The topic of data analytics is as much hyped as it is questioned – the spectrum of opinion ranges from “data as the new oil of the economy” to “analytics conclusions are not 100% reliable” and all the nuances in between. Each one is true in its own way. To help you better understand this topic, I gathered some recurring questions that production experts usually raise, and discussed them with our manufacturing analytics engineers, IT experts, and data scientists.
There is no best level or function. Where to start a project depends on several factors:
Is the concept of data analytics already well understood at your company? If not, the best way to start is to hold a data analytics orientation workshop for both experts and management. The goal of this workshop is to impart a basic understanding of the possibilities of analytics and to identify potential use cases.
Does management have a (deep) understanding of the technical process? If not, a requirements workshop with production site experts may be your first choice. The output is usually a cause and effect diagram (see below). Typically, our data analytics team (comprising a mix of IT, manufacturing, and data science experts) asks in-depth questions, such as: “Do you want to differentiate between rework and scrap?” In the best case, it can be very helpful to involve management to achieve serious buy-in.
Has the problem that data analytics is expected to solve been defined concretely? If so, you may opt first for an analytics tool. The problem can be as concrete as “EoL testing effort is too high and needs to be reduced.” An analytics team can then immediately start working with the production site experts to determine whether an existing test-time reduction tool can be applied or how it may need to be customized or expanded.

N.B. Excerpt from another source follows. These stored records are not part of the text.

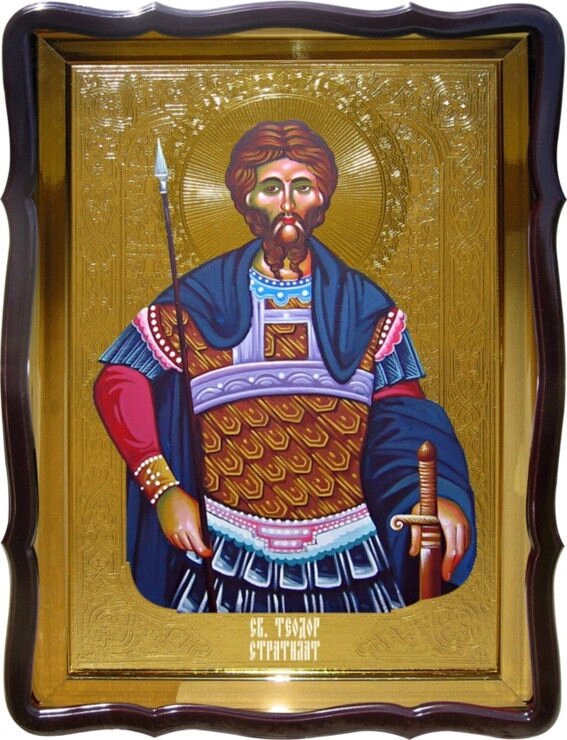 Ікона Святий Теодор Стратилат для храму або будинку від компанії Церковна крамниця "Покрова" - церковне начиння - фото 1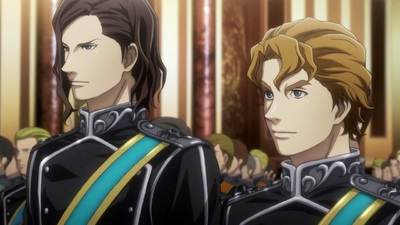 Legend of the Galactic Heroes: Die Neue These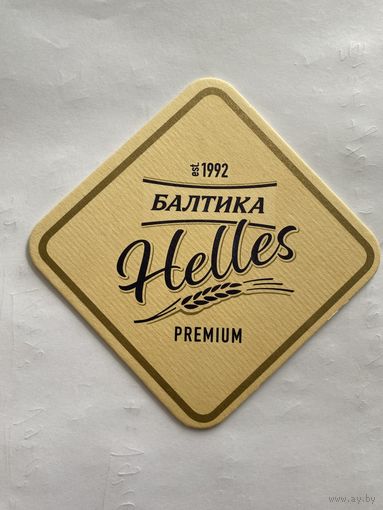 Подставка под пиво "Балтика Helles" /Россия/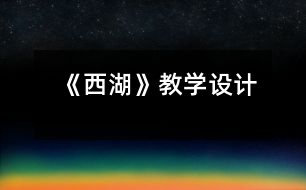 《西湖》教學(xué)設(shè)計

Thanks to a UX study conducted by Bosch, we know that there are three types of plant experts that need to be addressed, each one in a completely different way – e.g. more on a business level, more on a technical level, or more on a data level.
The skeptical type needs evidence of the benefits data analytics will deliver. To convince the skeptic, we need an excellent understanding of the ROI mechanisms, and we must be able to validate these mechanisms quickly with results, focusing on output, quality, and costs.
The open-minded type is interested in new ways to optimize things. Emphasis should be placed on explaining which methods are used, why certain algorithms are selected, and why the resulting prediction model is ready for application to live data.
The believer has usually already had exposure to data analytics and believes it can make a difference for the business. The best way to start is to immediately apply CRISP-DM (cross-industry standard process for data mining, see diagram below) with him or her and the team for the data analytics project.
In our experience, orientation workshops have generally proven to be very useful in obtaining the buy-in of all stakeholders. We usually start with the business question and then iterate by understanding the technical process and constraints relating to that question.